Der Verwaltungsgerichtshof teilt daher die von Ruppe (aaO S. 35) vertretene Auffassung, daß bei der vermögensverwaltenden KG schon mit Rücksicht auf ihre handelsrechtliche Konstruktion die Verlustberücksichtigung konsequenterweise in sinngemäßer Anwendung des bereits oben angeführten Erkenntnisses des Verwaltungsgerichtshofes vom 15. April 1980, Zl. 1661/79, zu erfolgen hat, von welchem abzugehen sich der Verwaltungsgerichtshof durch das Vorbringen in der vorliegenden Beschwerde nicht veranlaßt sieht. Der einzige Unterschied liegt darin, daß der Verwaltungsgerichtshof damals über das Ausmaß der durch Verlustzuweisung bewirkten Vermögensminderung in der Person des Kommanditisten zu befinden hatte, während im Beschwerdefall das Ausmaß des Abflusses von Werbungskosten zu untersuchen war (vgl. hiezu Einkommensteuer-Handbuch2, aaO). Auch aus einem Werbungskostenüberschuß resultierende Verluste können über die Einlage des Kommanditisten hinaus im Jahr der Entstehung nicht den Kommanditisten, sondern nur den Komplementär treffen.

Die Aufhebung der erstinstanzlichen Feststellungsbescheide gemäß § 299 Abs. 2 BAO durch die belangte Behörde - eine gesetzwidrige Ausübung des ihr hiefür eingeräumten Ermessens wurde nicht behauptet und liegt auch offenbar nicht vor - ist daher nicht als inhaltlich rechtswidrig zu erkennen, weshalb die Beschwerde der Erstbeschwerdeführerin gemäß § 42 Abs. 1 VwGG als unbegründet abzuweisen war.
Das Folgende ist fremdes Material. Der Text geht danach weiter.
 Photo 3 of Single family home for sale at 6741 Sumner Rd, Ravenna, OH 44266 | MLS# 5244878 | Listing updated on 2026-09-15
Von der Abhaltung einer mündlichen Verhandlung konnte ungeachtet des darauf abzielenden Antrages gemäß § 39 Abs. 2 Z. 6 VwGG abgesehen werden, weil die Schriftsätze der Parteien des verwaltungsgerichtlichen Verfahrens und die dem Verwaltungsgerichtshof vorgelegten Akten des Verwaltungsverfahrens erkennen ließen, daß die mündliche Erörterung eine weitere Klärung der Rechtssache nicht erwarten läßt.

3.) Die Entscheidung über den Aufwandersatz gründet sich auf die §§ 47, 48 Abs. 2 Z. 1 und 2, 51 und 53 Abs. 1 VwGG in Verbindung mit Art. I B Z. 4 und 5 der Verordnung des Bundeskanzlers vom 30. Mai 1985, BGBl. Nr. 243.